▶ _WORK ORDER_:
Write the following entries out again exactly, skipping each image.

BEGIN

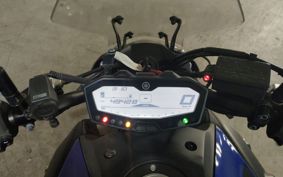YAMAHA MT-07 RM19J
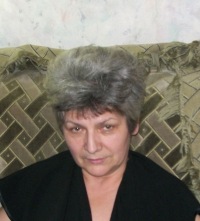 Тамара Казанцева, 22 августа , Новосибирск, id124728448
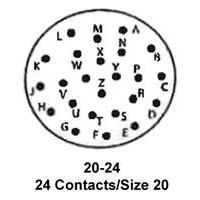 KPT06E20-24P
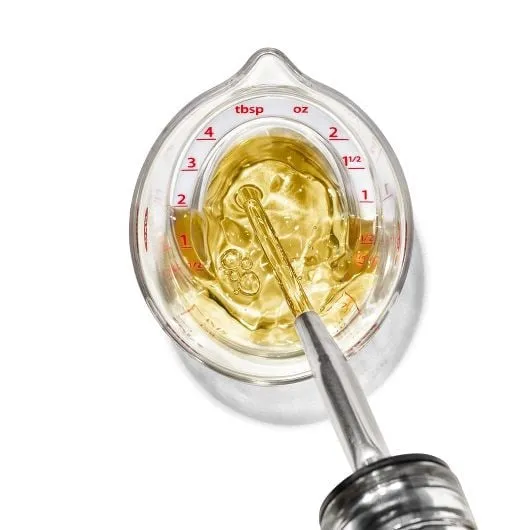 Mini Angled Measuring Cup by OXO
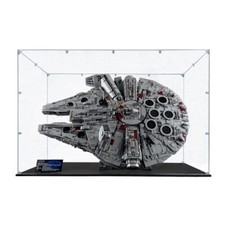 SONGLECTION® Display Case for LEGO Millennium Falcon #75192 (Vertical)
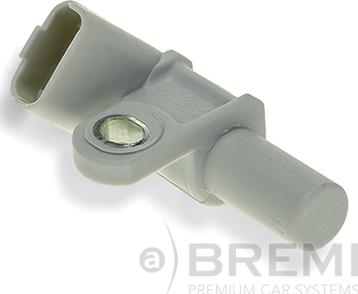 Bremi 60006 - Sensor, Nockenwellenposition www.parts5.com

END

▶ _RESULT FOR THIS TASK_:
YAMAHA MT-07 RM19J
 Тамара Казанцева, 22 августа , Новосибирск, id124728448
 KPT06E20-24P
 Mini Angled Measuring Cup by OXO
 SONGLECTION® Display Case for LEGO Millennium Falcon #75192 (Vertical)
 Bremi 60006 - Sensor, Nockenwellenposition www.parts5.com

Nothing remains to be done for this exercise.